Doch Rückführungen in großer Zahl erwiesen sich schon in den Jahren, als die PP regierte, als sehr schwierig. Spanien hat mit den meisten westafrikanischen Herkunftsländern sowie Marokko und Algerien entsprechende Abkommen geschlossen.

Zahlen will die spanische Regierung nicht nennen. Die wenigen Rückführungen nach Westafrika hält sie geheim – angeblich, um dort Unruhe zu vermeiden. Algerien nimmt derzeit gar keine Staatsbürger zurück. In Europa bewegt sich Spanien im Mittelfeld. Laut Eurostat wies Spanien in den vergangenen zwei Jahren zwölf Prozent der Ankömmlinge wieder aus. Das ist mehr als Italien und nicht viel weniger als die 14 Prozent in Deutschland.

Massive Ankünfte im Herbst

Im Streit um mehr Abschiebungen, die Sánchez’ Juniorpartner Sumar vehement ablehnt, zeichnen sich keine schnellen Lösungen ab.

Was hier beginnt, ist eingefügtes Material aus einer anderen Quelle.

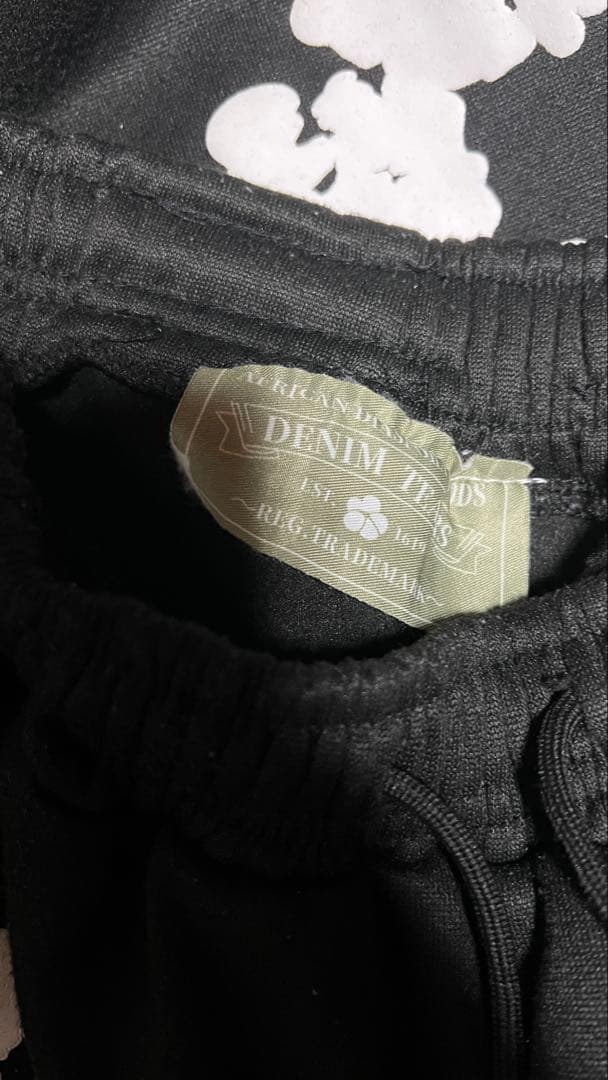 DENIM TEARS ブラックスウェットパンツ M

Dringlicher – und lösbar – ist dagegen der Konflikt über die Verteilung der knapp 6000 Minderjährigen, die auf den Kanaren und in Ceuta festsitzen. Statt Konfrontation setzt das Solidarität voraus. Aber zuletzt wollten die Festlandregionen nur gut 300 von ihnen aufnehmen.

Regierung wie Opposition müssen sich bewegen – und Spanien muss sich für den Herbst rüsten, der voraussichtlich massive Ankünfte bringt. Auf den Kanaren befürchtet man, dass auf die bisher knapp 23.000 Migranten bald 70.000 weitere folgen könnten. Das wären mehr als doppelt so viele wie im vergangenen Jahr – und so viele wie noch nie.